### WORK ORDER:
Reproduce, exactly and in full, the lines from the one with "Kalkulačka a dolarů" through the one with "عيد الميلاد جيوب" in the data below; drop pictures.

### EXTRACTED RECORDS:
━━━━

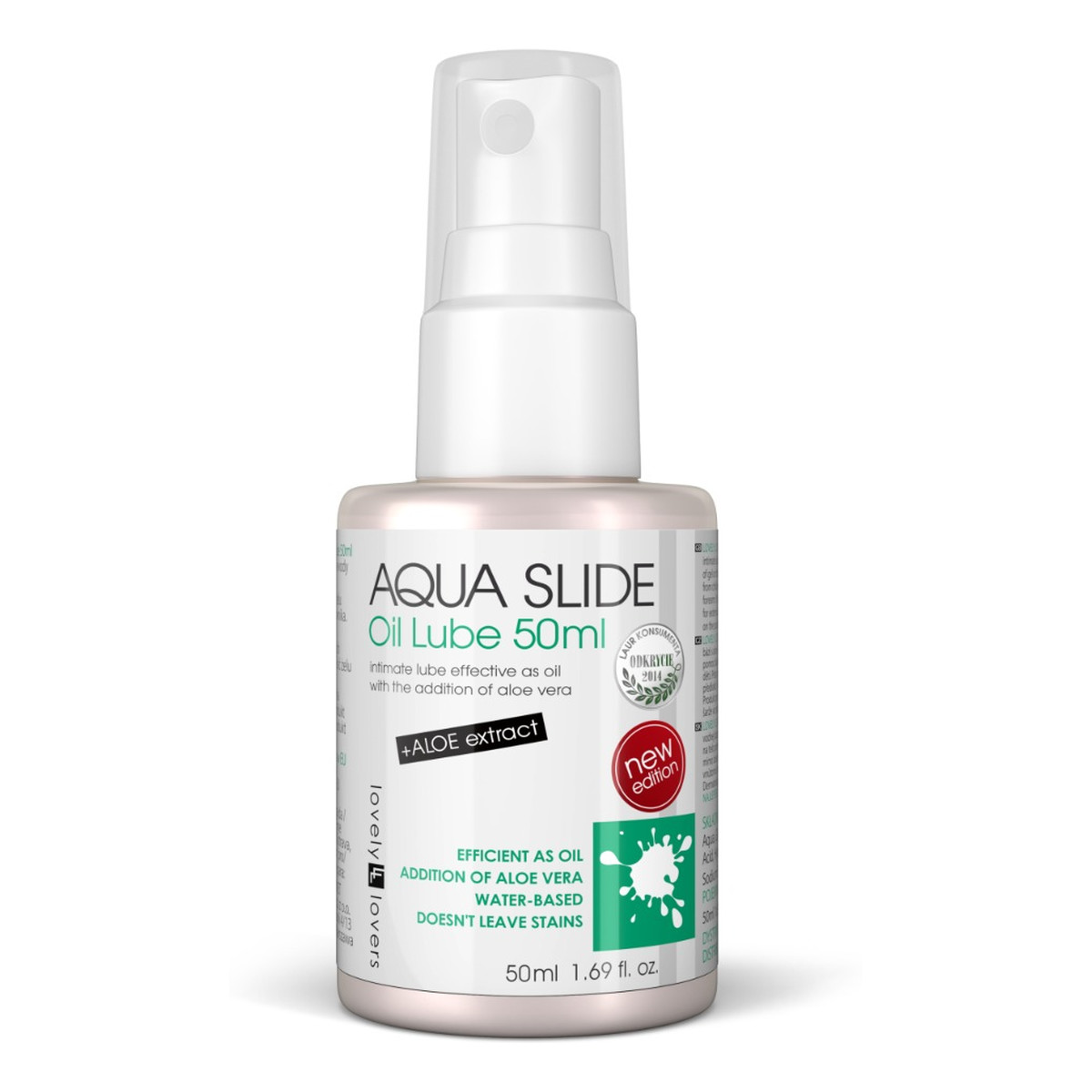 Lovely Lovers Aqua Slide Oil Lube Olejek intymny na bazie wody z dodatkiem aloesu 50ml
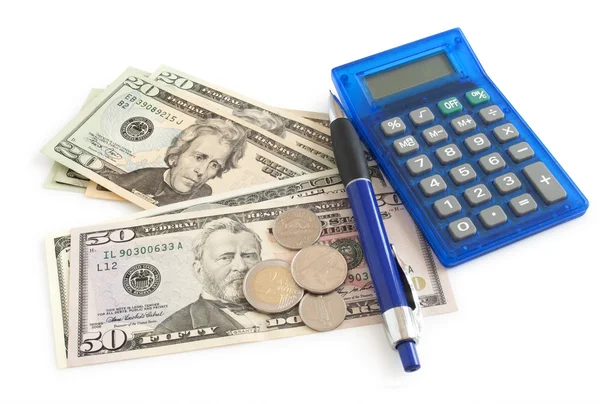 Kalkulačka a dolarů na stůl — Stock fotografie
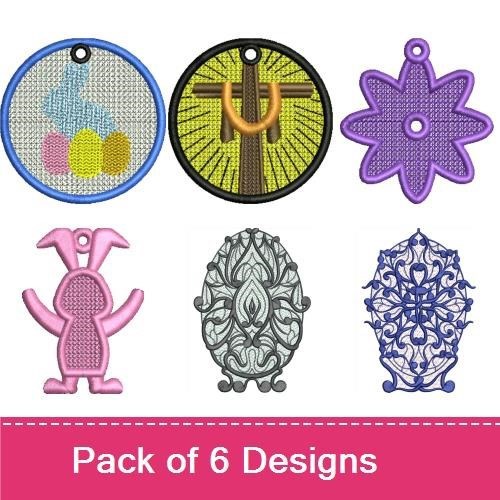 FSL Easter Lace Embroidery Designs Bundle – Easter Bunny with Eggs, Cross, Flower Shape & More (6 Designs)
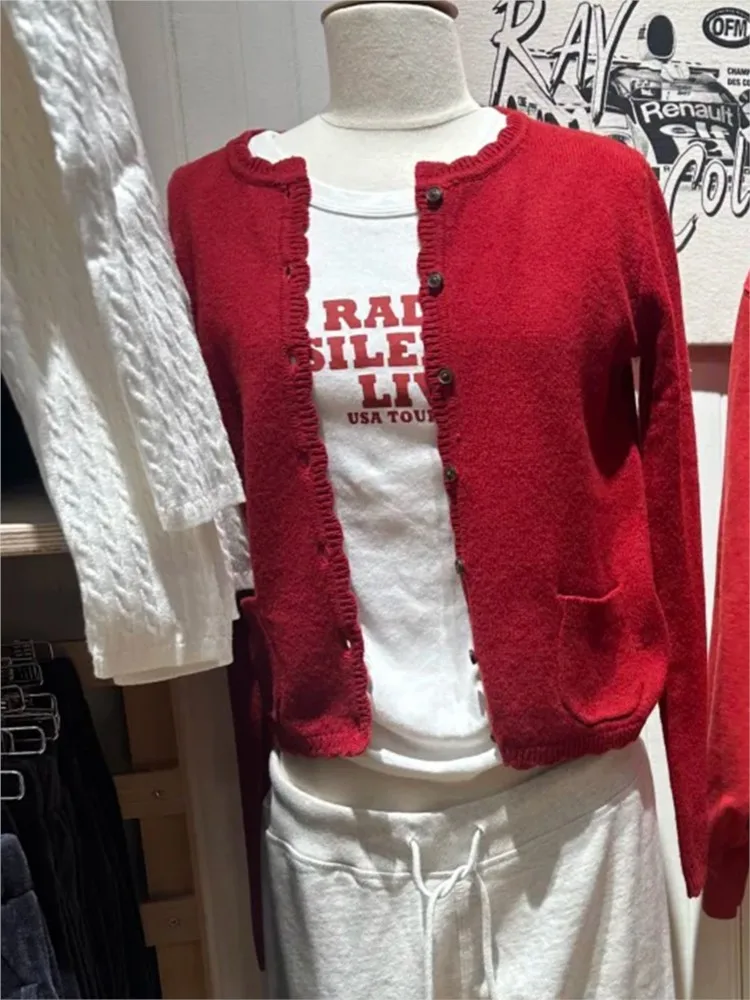 عيد الميلاد جيوب حمراء ضئيلة سترة مشغولة من الصوف امرأة س الرقبة طويلة الأكمام القطن البلوزات الحلو نمط Preppy تريكو معطف القمم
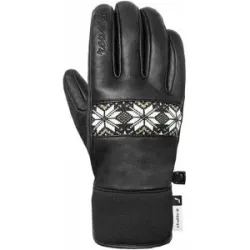 Reusch Wasserfeste und warme Skihandschuhe aus Primaloft®  Charlize R-TEX® XT Black/White/Gold für Damen aus Leder Größe 7.5 Weiß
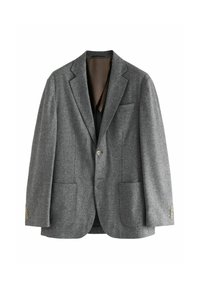 Blazer gris en mélange de laine avec un col cranté, deux poches avant et une fermeture à un bouton ; présente une texture en chevrons subtils et des boutons dorés.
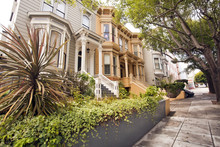 Row Of San Francisco Victorian Homes. Horizontal.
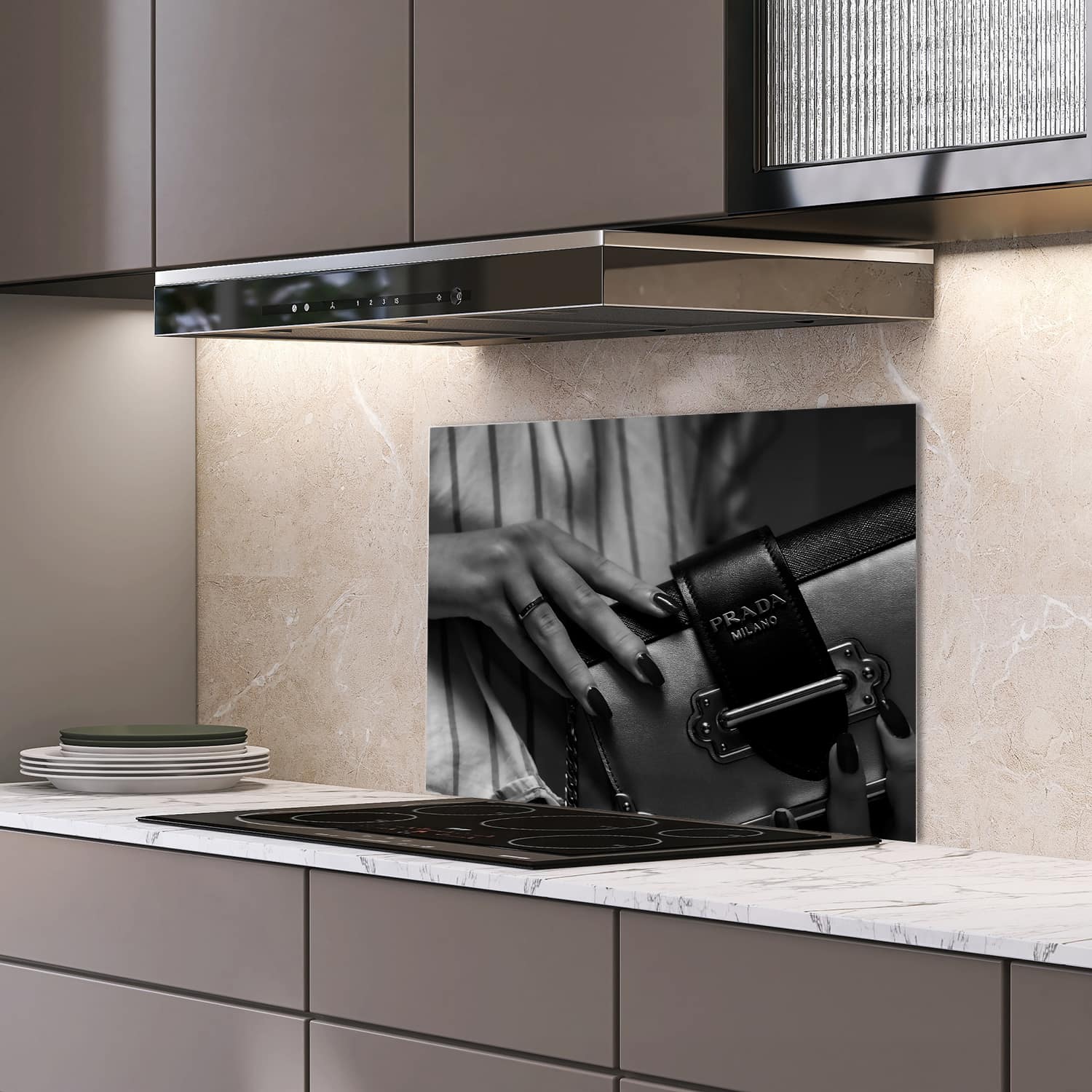 Eigen afmeting spatscherm-op-maat Keuken - Hittebestendig gehard glas - Prada Tas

━━━━

### WRITTEN RESPONSE:
 Kalkulačka a dolarů na stůl — Stock fotografie
 FSL Easter Lace Embroidery Designs Bundle – Easter Bunny with Eggs, Cross, Flower Shape & More (6 Designs)
 عيد الميلاد جيوب حمراء ضئيلة سترة مشغولة من الصوف امرأة س الرقبة طويلة الأكمام القطن البلوزات الحلو نمط Preppy تريكو معطف القمم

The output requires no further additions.